» BRIEF:
In the records below, take the line containing "Wynajem sal konferencyjnych, Pietrzykowice" and every line following it, and write them out exactly.

── DATA PROVIDED ──

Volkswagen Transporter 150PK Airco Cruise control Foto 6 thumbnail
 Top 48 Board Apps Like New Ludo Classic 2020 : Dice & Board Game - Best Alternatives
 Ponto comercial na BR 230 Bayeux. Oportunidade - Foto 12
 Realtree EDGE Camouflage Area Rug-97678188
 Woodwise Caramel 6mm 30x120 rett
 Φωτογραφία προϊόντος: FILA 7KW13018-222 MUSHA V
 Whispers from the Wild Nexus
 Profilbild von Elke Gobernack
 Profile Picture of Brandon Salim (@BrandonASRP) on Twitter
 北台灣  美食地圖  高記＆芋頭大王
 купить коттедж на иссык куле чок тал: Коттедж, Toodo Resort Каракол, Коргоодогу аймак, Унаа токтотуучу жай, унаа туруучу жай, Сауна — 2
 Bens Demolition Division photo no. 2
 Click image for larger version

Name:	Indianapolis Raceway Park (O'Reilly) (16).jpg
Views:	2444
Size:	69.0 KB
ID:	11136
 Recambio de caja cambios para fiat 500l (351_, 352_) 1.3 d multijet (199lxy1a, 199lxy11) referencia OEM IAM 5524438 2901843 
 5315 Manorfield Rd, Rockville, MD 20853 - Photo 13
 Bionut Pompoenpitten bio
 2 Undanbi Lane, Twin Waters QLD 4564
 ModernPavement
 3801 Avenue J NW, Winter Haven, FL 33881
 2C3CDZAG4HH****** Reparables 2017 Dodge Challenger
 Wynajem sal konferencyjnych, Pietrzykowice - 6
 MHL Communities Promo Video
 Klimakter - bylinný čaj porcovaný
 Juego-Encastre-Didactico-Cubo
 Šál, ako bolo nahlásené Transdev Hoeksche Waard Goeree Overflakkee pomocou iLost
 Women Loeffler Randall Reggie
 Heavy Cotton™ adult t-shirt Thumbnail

───

» REPLY:
 Wynajem sal konferencyjnych, Pietrzykowice - 6
 MHL Communities Promo Video
 Klimakter - bylinný čaj porcovaný
 Juego-Encastre-Didactico-Cubo
 Šál, ako bolo nahlásené Transdev Hoeksche Waard Goeree Overflakkee pomocou iLost
 Women Loeffler Randall Reggie
 Heavy Cotton™ adult t-shirt Thumbnail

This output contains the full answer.